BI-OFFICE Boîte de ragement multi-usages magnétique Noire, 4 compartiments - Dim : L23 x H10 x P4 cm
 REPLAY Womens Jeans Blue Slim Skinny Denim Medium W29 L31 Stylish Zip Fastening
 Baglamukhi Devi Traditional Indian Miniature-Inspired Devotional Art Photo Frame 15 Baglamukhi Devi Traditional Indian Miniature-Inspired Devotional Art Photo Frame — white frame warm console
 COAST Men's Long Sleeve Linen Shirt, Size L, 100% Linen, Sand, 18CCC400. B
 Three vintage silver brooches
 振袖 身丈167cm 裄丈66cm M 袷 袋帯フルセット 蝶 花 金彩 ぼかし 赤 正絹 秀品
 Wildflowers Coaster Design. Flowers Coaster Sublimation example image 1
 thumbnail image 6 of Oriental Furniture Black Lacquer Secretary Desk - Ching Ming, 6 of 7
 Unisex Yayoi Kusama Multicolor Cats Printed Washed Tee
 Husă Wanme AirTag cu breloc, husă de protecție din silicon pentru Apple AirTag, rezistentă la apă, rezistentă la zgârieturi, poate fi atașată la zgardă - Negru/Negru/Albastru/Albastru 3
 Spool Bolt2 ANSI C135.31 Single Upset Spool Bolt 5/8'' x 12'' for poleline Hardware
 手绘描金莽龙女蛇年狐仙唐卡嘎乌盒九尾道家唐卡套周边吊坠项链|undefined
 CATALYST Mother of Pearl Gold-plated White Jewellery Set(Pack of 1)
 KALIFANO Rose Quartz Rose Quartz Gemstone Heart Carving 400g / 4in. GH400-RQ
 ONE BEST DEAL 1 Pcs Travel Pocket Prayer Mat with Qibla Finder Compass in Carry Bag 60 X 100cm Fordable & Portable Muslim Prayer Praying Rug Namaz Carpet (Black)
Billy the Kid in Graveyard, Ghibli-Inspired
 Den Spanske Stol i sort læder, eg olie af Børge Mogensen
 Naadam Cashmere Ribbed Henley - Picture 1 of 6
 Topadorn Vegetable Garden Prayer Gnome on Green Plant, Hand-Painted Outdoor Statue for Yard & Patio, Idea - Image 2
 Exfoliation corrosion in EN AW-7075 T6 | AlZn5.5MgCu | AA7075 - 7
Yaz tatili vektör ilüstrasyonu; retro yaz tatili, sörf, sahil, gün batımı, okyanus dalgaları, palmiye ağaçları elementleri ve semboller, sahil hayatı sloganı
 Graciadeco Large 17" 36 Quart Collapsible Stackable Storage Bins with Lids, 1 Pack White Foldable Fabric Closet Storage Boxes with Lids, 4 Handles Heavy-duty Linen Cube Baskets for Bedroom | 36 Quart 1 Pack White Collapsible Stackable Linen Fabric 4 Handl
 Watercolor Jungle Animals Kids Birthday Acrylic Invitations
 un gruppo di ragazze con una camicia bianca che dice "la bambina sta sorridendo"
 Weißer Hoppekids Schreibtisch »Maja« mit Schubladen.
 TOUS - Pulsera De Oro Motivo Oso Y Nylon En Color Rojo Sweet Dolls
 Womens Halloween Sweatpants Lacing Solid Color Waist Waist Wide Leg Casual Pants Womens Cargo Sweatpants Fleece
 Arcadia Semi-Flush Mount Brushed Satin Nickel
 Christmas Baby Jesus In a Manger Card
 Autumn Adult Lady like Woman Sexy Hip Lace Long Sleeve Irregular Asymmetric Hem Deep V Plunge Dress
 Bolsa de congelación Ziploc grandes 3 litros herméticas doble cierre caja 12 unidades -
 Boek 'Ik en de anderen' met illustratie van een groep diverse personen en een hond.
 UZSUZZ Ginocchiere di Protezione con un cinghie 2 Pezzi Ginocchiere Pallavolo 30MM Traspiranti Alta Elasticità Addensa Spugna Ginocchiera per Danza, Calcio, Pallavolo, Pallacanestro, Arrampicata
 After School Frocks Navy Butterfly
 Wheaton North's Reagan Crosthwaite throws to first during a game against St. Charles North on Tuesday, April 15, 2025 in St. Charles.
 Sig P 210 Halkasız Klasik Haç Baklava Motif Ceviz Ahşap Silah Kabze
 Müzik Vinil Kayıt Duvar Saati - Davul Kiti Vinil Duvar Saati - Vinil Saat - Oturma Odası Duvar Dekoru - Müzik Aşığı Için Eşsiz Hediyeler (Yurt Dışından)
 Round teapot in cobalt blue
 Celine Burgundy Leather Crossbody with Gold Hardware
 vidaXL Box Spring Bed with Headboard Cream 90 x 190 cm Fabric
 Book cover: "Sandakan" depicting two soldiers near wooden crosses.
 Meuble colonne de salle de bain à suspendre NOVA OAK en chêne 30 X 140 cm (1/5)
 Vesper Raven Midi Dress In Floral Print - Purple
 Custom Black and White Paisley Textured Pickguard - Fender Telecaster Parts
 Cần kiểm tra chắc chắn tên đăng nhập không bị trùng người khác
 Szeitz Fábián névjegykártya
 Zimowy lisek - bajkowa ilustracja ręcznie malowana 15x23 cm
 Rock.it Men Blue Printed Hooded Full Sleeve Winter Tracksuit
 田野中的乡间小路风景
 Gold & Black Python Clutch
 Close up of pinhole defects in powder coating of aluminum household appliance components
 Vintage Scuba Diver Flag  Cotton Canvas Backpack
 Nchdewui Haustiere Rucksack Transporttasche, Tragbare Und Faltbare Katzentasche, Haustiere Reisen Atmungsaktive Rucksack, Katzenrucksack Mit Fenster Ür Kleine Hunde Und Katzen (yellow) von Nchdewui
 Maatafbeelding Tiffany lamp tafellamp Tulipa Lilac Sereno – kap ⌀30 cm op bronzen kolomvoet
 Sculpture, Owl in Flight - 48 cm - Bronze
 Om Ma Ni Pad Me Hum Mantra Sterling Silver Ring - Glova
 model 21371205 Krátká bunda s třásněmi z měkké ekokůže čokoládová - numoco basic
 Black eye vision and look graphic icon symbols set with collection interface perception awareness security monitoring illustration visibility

Exercise details
Keep to the lines from the one containing "Om Ma Ni Pad" to the end of the entries above, and retype them exactly.

Answer box
 Om Ma Ni Pad Me Hum Mantra Sterling Silver Ring - Glova
 model 21371205 Krátká bunda s třásněmi z měkké ekokůže čokoládová - numoco basic
 Black eye vision and look graphic icon symbols set with collection interface perception awareness security monitoring illustration visibility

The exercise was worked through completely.